Au Chili, il y a eu beaucoup de chiens policiers. On préfère les oublier et ne pas juger leurs maîtres. Heredia ne s'y fait pas. Chacune de ses enquêtes perce un bubon de l'amnésique société chilienne. La première enquête de Heredia, Seul dans l'obscurité (non traduit), a été publiée à la fin des années Pinochet. La dictature se relâchait. Heredia enquête sur la répression dans l'université. Dans les romans suivants, il fouille dans 1'histoire des disparus, des narcotrafiquants, de la contrebande d'armes, des militaires terroristes. Diaz-Eterovic résume ainsi son personnage : "Il est désenchanté, mais il a une énergie morale." Un vieil ami flic lui sert d'ancre dans le désastre.

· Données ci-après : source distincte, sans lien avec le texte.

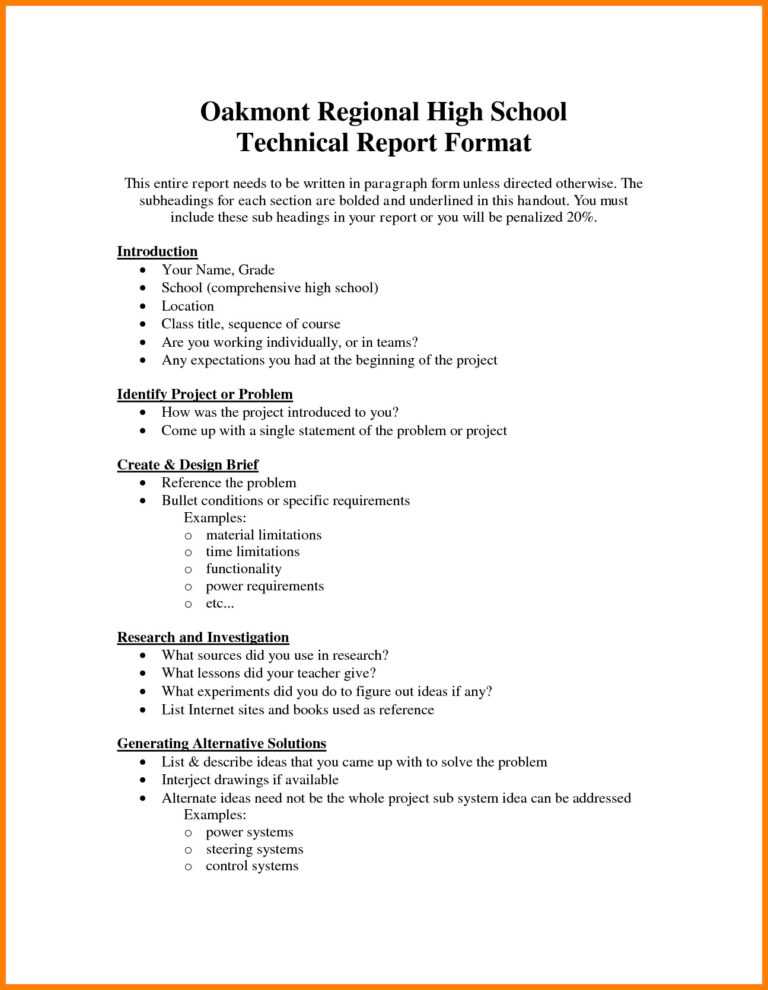 Template For Technical Report Sample Design Templates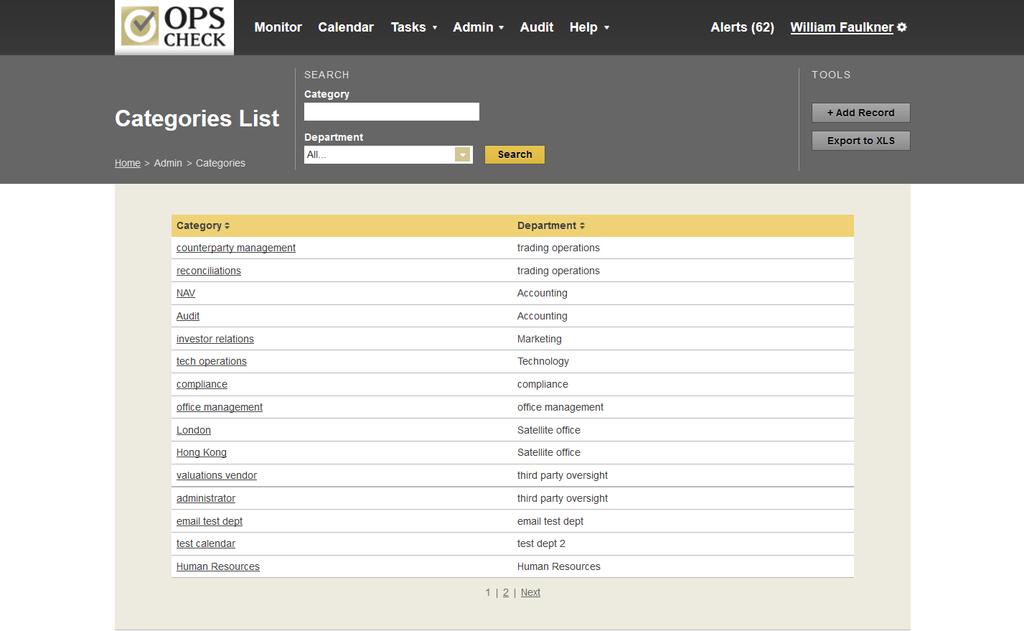 9. Category Management OpsCheck also allows administrators to set up different categories that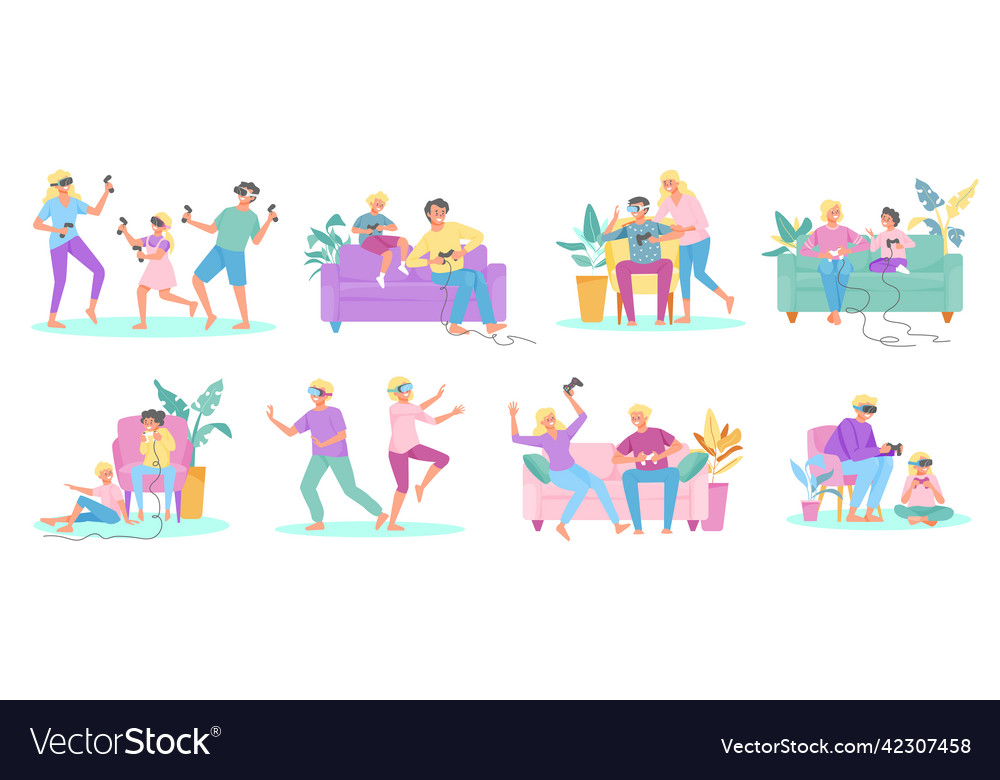 Family videogames compositions set Royalty Free Vector Image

Il a été assassiné lors du cinquième épisode.
Le chat Simenon est un hommage à l'écrivain et Heredia est lui aussi un lecteur. Pendant ses enquêtes, il parle souvent par citations. Don Quichotte, des poètes chiliens, Balzac, il cite les auteurs que Diaz-Eterovic aime. Et il est né un 21 juillet, " comme Ernest Hemingway". Lequel a marqué, avec Francisco Coloane, Julio Cortazar et Charles Dickens, l'enfant Diaz-Eterovic.
L'écrivain est né à Punta Arenas, au sud du Chili. Ses grands-parents, croates, venaient d'une île de tailleur de pierre sur l'Adriatique où Diaz-Eterovic s'est découvert un parent poète. Son père, ouvrier, est mort sans avoir lu ses livres. Sa mère était illettrée. Le fils a fait des études littéraires et, très tôt, publié des poèmes et animé une petite revue. Il arrive à Santiago en 1973, l'année du coup d'Etat. Lié au Parti communiste, il est un moment séquestré, mais il ne s'étend guère là-dessus. Il devient ensuite journaliste, ce qu'il est toujours, dans le secteur social : il est rare, en Amérique latine, que l'on vive de sa plume. Il a publié, outre les aventures d'Heredia, de nombreux recueils de poèmes et un roman historique situé dans le Chili du début du siècle. "Je suis un écrivain-vampyr, constate Diaz-Eterovic, je travaille la nuit." La nuit, tous les chats sont écrits, et l'auteur semble être comme son héros, qui dit à un flic: "Peu de choses me font peur. Une échelle sur mon chemin ou certaines pages de Stephen King." Ou encore la société telle qu'elle va : dans ses aventures, le privé découvre les coupables, mais ils sont rarement punis. Au mieux, victimes d'un accident - dû au hasard romanesque bien plus qu'à la nécessité sociale.